Could you give back the whole listing exactly as written?

→ **Supplied records**:
--- START ---
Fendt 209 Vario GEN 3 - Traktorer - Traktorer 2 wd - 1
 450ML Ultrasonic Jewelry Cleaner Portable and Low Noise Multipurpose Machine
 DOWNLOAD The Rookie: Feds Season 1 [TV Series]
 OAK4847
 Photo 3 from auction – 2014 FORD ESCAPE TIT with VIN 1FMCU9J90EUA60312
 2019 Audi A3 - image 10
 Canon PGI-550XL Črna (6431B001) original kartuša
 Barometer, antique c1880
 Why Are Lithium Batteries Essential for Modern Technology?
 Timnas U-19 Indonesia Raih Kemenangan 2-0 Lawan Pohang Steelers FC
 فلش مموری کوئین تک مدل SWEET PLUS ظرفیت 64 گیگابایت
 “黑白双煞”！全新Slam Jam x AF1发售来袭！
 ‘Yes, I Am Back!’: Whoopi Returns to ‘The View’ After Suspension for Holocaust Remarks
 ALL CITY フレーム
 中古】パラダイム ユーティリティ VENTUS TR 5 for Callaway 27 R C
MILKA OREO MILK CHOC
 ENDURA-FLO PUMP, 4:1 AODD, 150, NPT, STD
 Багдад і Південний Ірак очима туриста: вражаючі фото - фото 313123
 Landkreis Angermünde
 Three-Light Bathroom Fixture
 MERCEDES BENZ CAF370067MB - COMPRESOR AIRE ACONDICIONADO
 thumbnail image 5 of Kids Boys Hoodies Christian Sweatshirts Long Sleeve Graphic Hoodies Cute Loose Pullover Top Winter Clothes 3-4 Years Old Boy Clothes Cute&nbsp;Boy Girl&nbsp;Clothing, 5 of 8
--- END ---
→ **Result for this task**:
Fendt 209 Vario GEN 3 - Traktorer - Traktorer 2 wd - 1
 450ML Ultrasonic Jewelry Cleaner Portable and Low Noise Multipurpose Machine
 DOWNLOAD The Rookie: Feds Season 1 [TV Series]
 OAK4847
 Photo 3 from auction – 2014 FORD ESCAPE TIT with VIN 1FMCU9J90EUA60312
 2019 Audi A3 - image 10
 Canon PGI-550XL Črna (6431B001) original kartuša
 Barometer, antique c1880
 Why Are Lithium Batteries Essential for Modern Technology?
 Timnas U-19 Indonesia Raih Kemenangan 2-0 Lawan Pohang Steelers FC
 فلش مموری کوئین تک مدل SWEET PLUS ظرفیت 64 گیگابایت
 “黑白双煞”！全新Slam Jam x AF1发售来袭！
 ‘Yes, I Am Back!’: Whoopi Returns to ‘The View’ After Suspension for Holocaust Remarks
 ALL CITY フレーム
 中古】パラダイム ユーティリティ VENTUS TR 5 for Callaway 27 R C
MILKA OREO MILK CHOC
 ENDURA-FLO PUMP, 4:1 AODD, 150, NPT, STD
 Багдад і Південний Ірак очима туриста: вражаючі фото - фото 313123
 Landkreis Angermünde
 Three-Light Bathroom Fixture
 MERCEDES BENZ CAF370067MB - COMPRESOR AIRE ACONDICIONADO
 thumbnail image 5 of Kids Boys Hoodies Christian Sweatshirts Long Sleeve Graphic Hoodies Cute Loose Pullover Top Winter Clothes 3-4 Years Old Boy Clothes Cute&nbsp;Boy Girl&nbsp;Clothing, 5 of 8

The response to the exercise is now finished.